**What you are asked to do:** Give back the full listing, character for character, with no pictures.

**The input:**
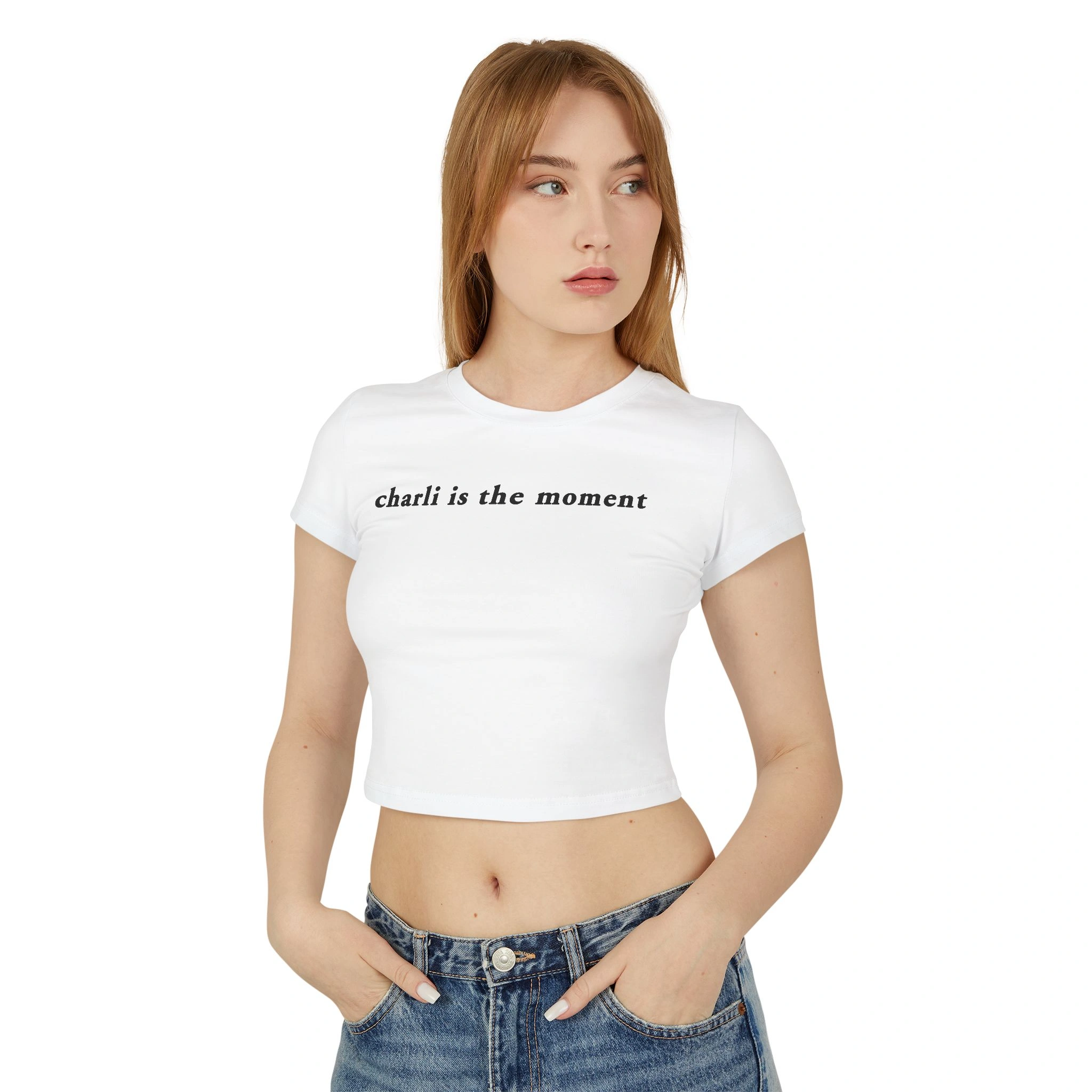 Charli-Is-The-Moment-Baby-Tee Charli Is The Moment Baby Tee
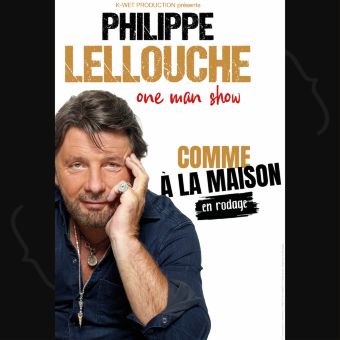 Philippe Lellouche dans Comme à la maison - en rodage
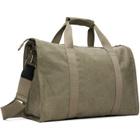 A.P.C. Khaki Recuperation Gym Bag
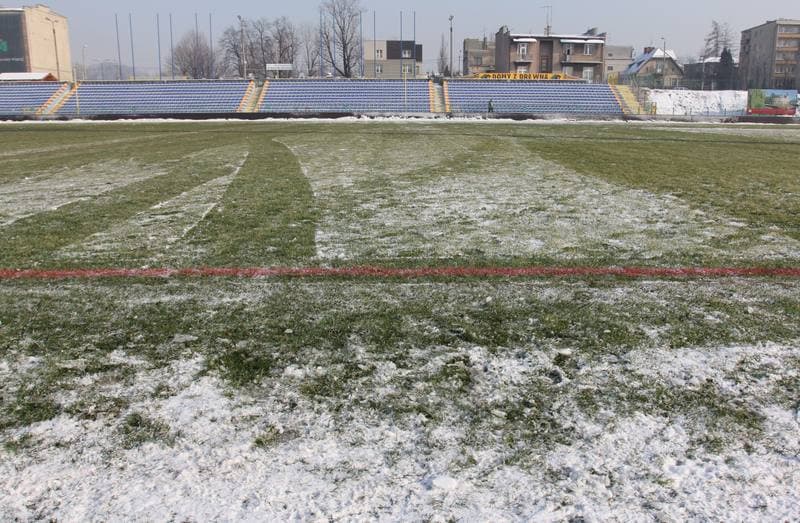 Football. Sparing. Podbeskidzie Bielsko-Biala - MFK Karvina. 11.02.2012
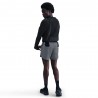 Nike Nike Pantaloncini Running 4" 2In1 Reflect Nero Reflect Argento Uomo
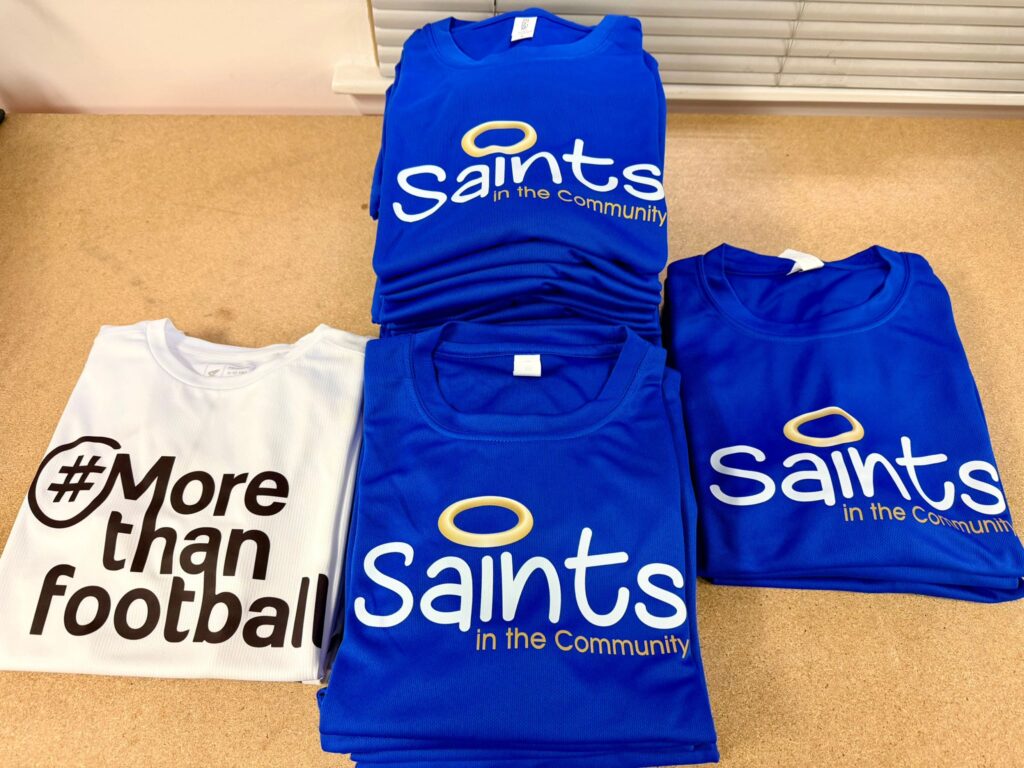 Behind the Scenes - Printed Tshirts for Saints in the Community 5 Behind the Scenes - Printed Tshirts for Saints in the Community 3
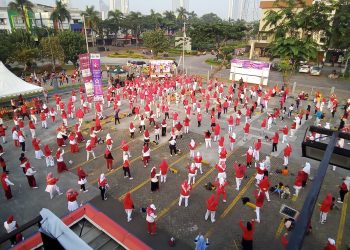 Kegiatan HUT RI ke-78 di Ace Hardware Living Plaza Palem Semi Berlangsung Meriah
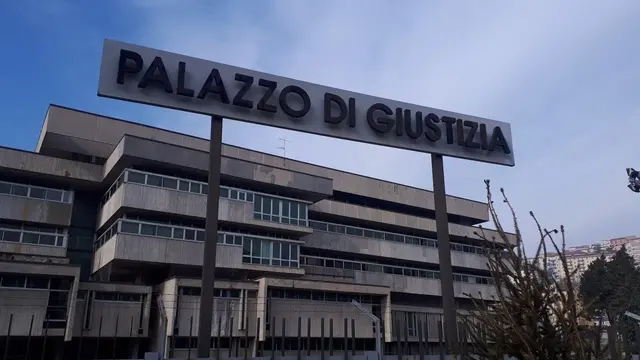 Tribunale: il Palazzo di giustizia di Potenza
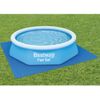 Cubierta De Suelo Para Piscina Flowclear 274x274 Cm Bestway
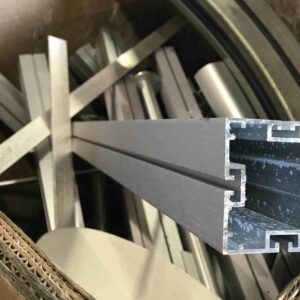 Type A Aluminum Frame Scrap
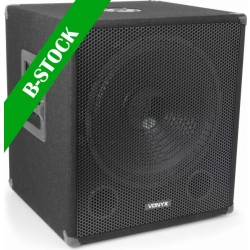 SMW15 Subwoofer 15" / 600W "B-STOCK" TILBUD NU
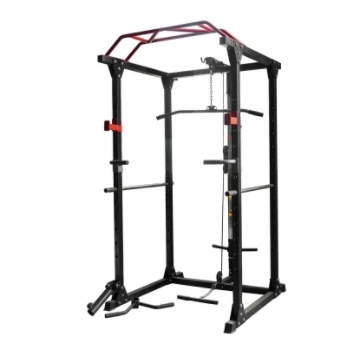 

Squat Frame Comprehensive Trainer Full-frame Bench Press Barbell Frame Household Adjustable Multifunctional Weightlifting Bed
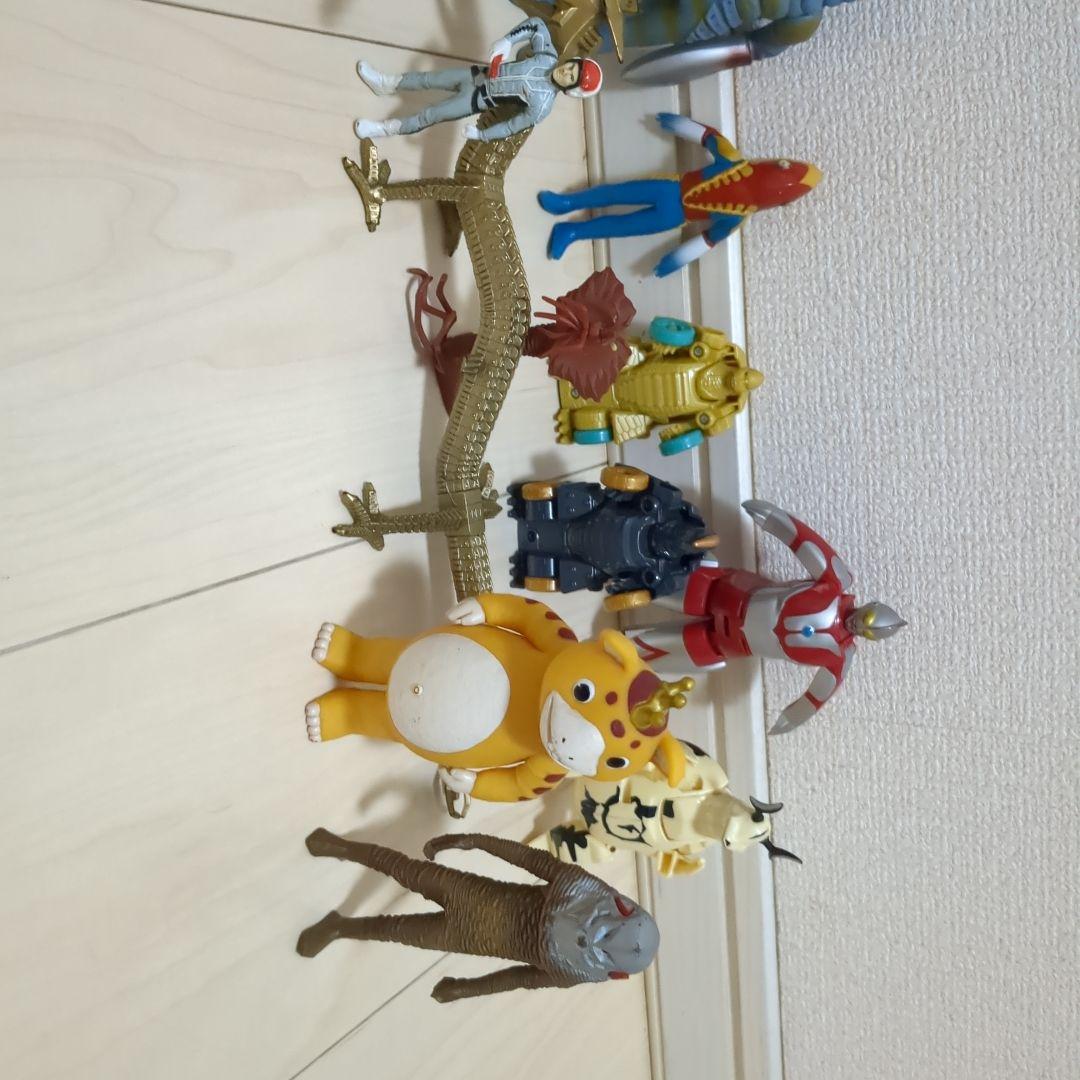 ウルトラマンシリーズ 怪獣フィギュアセット　まとめ売り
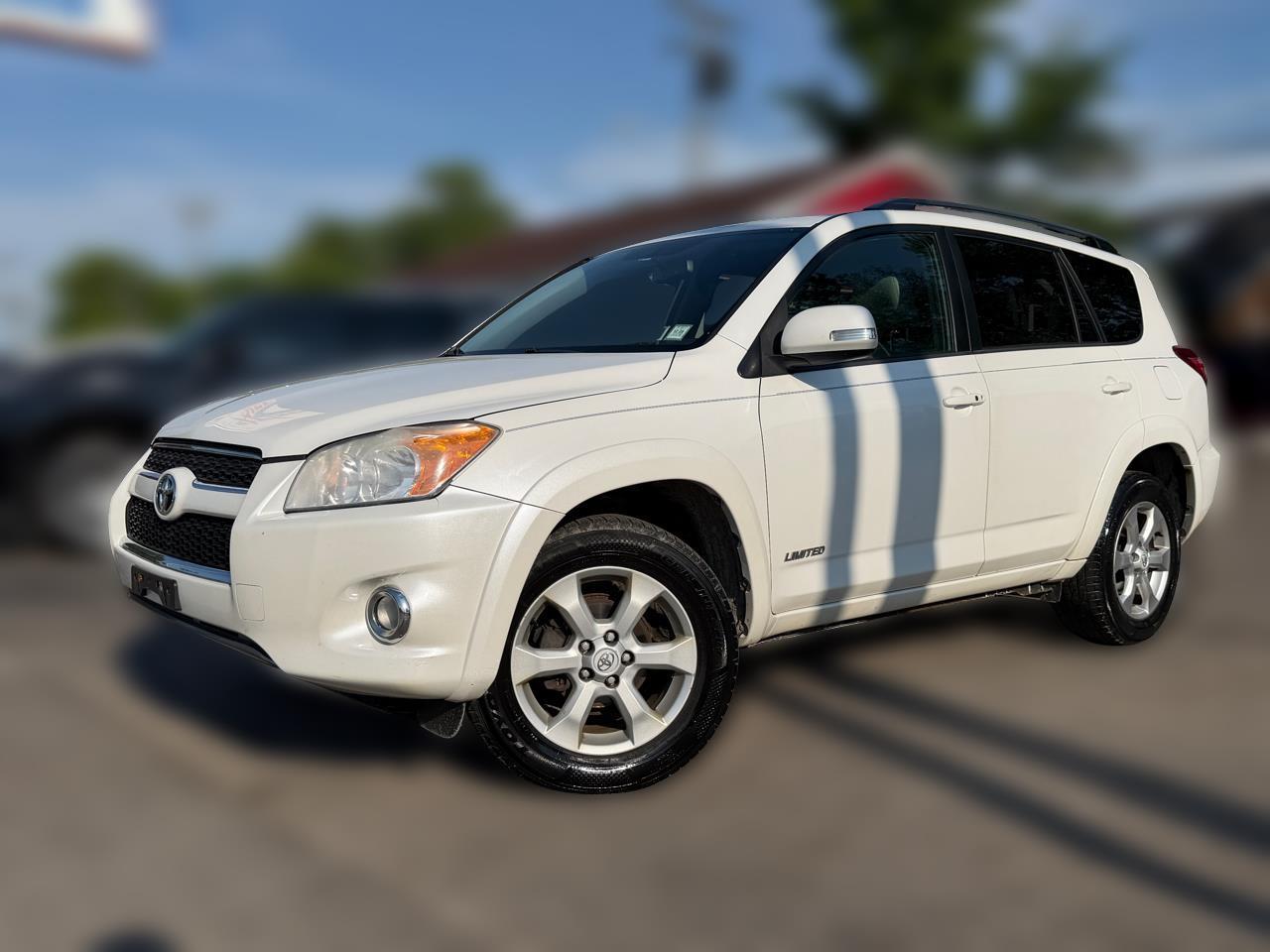 Toyota RAV4 Limited I4 4WD 2012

**Answer for this exercise:**
 Charli-Is-The-Moment-Baby-Tee Charli Is The Moment Baby Tee
 Philippe Lellouche dans Comme à la maison - en rodage
 A.P.C. Khaki Recuperation Gym Bag
 Football. Sparing. Podbeskidzie Bielsko-Biala - MFK Karvina. 11.02.2012
 Nike Nike Pantaloncini Running 4" 2In1 Reflect Nero Reflect Argento Uomo
 Behind the Scenes - Printed Tshirts for Saints in the Community 5 Behind the Scenes - Printed Tshirts for Saints in the Community 3
 Kegiatan HUT RI ke-78 di Ace Hardware Living Plaza Palem Semi Berlangsung Meriah
 Tribunale: il Palazzo di giustizia di Potenza
 Cubierta De Suelo Para Piscina Flowclear 274x274 Cm Bestway
 Type A Aluminum Frame Scrap
 SMW15 Subwoofer 15" / 600W "B-STOCK" TILBUD NU

Squat Frame Comprehensive Trainer Full-frame Bench Press Barbell Frame Household Adjustable Multifunctional Weightlifting Bed
 ウルトラマンシリーズ 怪獣フィギュアセット　まとめ売り
 Toyota RAV4 Limited I4 4WD 2012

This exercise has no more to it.